Source records:
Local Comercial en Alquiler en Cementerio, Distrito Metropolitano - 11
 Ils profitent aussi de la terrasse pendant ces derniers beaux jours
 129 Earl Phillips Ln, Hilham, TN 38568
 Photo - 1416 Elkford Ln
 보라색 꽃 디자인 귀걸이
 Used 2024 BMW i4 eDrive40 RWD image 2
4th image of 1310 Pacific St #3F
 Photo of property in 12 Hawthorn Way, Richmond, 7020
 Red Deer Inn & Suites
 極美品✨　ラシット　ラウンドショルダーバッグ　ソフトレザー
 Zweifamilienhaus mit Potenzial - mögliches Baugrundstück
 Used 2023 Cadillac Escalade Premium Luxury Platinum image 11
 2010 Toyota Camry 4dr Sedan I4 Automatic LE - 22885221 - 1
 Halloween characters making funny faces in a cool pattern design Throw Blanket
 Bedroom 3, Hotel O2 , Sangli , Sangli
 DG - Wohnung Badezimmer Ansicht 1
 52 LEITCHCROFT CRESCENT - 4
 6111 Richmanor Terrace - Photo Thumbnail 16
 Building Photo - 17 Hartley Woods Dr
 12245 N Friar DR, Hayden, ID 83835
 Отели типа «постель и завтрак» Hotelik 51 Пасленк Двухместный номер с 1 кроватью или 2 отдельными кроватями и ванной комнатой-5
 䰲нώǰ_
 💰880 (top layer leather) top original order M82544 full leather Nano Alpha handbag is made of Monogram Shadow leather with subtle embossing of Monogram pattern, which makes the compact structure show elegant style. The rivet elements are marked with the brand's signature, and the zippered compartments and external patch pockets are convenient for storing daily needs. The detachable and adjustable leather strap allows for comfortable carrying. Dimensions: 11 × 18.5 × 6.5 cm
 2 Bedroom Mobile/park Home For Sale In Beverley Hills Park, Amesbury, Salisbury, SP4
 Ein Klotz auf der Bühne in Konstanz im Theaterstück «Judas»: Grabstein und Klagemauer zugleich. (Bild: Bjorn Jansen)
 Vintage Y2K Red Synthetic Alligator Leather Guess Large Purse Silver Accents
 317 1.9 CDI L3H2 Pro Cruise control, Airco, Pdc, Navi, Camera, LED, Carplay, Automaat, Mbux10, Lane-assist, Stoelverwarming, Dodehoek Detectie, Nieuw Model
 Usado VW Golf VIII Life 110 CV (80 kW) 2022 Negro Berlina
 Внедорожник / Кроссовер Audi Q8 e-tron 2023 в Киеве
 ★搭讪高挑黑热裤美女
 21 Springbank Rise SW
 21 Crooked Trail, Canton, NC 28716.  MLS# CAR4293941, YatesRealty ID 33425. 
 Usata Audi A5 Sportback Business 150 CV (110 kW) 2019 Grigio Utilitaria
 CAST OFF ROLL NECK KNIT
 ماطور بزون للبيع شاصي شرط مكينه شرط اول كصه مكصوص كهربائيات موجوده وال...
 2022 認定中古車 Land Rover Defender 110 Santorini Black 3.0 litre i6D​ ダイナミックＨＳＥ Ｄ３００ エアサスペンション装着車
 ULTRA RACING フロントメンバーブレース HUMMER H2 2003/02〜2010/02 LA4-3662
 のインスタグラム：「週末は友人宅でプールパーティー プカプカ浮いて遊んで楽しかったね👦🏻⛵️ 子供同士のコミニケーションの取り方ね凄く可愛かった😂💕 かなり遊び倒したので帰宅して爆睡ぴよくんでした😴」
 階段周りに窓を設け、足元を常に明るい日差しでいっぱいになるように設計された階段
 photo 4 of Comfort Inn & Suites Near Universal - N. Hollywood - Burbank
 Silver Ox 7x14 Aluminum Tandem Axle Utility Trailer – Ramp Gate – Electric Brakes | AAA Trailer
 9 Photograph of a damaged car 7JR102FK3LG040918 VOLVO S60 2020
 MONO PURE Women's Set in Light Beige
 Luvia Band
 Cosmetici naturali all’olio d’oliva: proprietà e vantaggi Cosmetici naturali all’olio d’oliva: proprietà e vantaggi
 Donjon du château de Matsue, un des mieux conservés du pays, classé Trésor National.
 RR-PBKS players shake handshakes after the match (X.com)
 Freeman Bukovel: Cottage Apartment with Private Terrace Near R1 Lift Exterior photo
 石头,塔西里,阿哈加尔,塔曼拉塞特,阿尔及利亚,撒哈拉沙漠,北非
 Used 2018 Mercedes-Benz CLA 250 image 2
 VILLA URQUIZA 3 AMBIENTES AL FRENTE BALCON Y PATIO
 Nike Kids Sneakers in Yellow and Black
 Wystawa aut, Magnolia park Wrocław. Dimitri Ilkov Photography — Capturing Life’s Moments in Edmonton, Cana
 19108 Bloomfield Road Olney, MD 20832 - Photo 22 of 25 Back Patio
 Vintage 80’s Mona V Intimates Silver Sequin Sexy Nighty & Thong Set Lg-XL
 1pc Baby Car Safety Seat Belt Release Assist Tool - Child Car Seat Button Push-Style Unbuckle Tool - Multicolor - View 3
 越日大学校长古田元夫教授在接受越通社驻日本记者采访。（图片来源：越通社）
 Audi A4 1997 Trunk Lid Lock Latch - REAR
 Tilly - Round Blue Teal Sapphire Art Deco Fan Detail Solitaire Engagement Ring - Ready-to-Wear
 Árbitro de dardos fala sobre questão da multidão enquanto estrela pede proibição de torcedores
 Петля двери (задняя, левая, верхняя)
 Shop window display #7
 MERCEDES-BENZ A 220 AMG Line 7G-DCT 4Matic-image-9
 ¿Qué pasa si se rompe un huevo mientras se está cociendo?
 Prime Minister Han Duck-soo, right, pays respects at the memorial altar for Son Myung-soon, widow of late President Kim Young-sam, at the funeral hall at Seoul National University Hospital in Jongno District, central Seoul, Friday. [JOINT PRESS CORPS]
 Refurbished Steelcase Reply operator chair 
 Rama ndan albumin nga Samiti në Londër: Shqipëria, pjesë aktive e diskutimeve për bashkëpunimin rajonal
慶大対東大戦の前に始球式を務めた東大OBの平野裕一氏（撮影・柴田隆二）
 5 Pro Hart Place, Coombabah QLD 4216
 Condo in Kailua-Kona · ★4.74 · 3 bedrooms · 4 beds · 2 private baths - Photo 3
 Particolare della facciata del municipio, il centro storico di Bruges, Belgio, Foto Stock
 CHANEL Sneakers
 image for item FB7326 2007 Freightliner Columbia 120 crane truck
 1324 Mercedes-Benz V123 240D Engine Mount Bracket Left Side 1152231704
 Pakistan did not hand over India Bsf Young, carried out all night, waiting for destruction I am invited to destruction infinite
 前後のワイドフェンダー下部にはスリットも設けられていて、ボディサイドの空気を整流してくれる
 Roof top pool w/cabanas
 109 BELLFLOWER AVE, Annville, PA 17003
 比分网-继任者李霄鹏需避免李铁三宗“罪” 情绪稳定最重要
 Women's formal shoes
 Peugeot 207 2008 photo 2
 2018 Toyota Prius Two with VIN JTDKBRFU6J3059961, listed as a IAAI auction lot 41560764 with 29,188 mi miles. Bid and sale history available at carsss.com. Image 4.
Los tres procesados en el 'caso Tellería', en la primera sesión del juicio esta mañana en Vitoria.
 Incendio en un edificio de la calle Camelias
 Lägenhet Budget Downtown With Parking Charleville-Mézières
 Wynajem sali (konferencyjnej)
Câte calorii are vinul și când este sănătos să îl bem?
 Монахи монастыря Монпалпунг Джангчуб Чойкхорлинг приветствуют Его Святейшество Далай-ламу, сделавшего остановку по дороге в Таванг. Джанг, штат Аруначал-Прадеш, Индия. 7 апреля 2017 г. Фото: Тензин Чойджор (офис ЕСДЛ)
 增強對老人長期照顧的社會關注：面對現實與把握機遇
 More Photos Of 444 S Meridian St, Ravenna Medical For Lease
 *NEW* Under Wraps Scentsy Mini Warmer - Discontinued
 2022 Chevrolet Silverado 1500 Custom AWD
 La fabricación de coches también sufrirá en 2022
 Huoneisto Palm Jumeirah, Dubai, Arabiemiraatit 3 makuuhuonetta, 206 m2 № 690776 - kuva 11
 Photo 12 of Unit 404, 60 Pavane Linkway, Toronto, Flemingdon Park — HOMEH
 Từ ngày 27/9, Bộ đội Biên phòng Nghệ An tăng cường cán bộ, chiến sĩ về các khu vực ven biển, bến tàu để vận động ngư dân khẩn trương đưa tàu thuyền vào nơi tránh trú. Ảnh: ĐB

Exercise objective:
Set down again, word for word, the stretch of records from the line with "Tilly - Round" to the line with "Condo in Kailua-Kona", both of those lines included.

Response area:
 Tilly - Round Blue Teal Sapphire Art Deco Fan Detail Solitaire Engagement Ring - Ready-to-Wear
 Árbitro de dardos fala sobre questão da multidão enquanto estrela pede proibição de torcedores
 Петля двери (задняя, левая, верхняя)
 Shop window display #7
 MERCEDES-BENZ A 220 AMG Line 7G-DCT 4Matic-image-9
 ¿Qué pasa si se rompe un huevo mientras se está cociendo?
 Prime Minister Han Duck-soo, right, pays respects at the memorial altar for Son Myung-soon, widow of late President Kim Young-sam, at the funeral hall at Seoul National University Hospital in Jongno District, central Seoul, Friday. [JOINT PRESS CORPS]
 Refurbished Steelcase Reply operator chair 
 Rama ndan albumin nga Samiti në Londër: Shqipëria, pjesë aktive e diskutimeve për bashkëpunimin rajonal
慶大対東大戦の前に始球式を務めた東大OBの平野裕一氏（撮影・柴田隆二）
 5 Pro Hart Place, Coombabah QLD 4216
 Condo in Kailua-Kona · ★4.74 · 3 bedrooms · 4 beds · 2 private baths - Photo 3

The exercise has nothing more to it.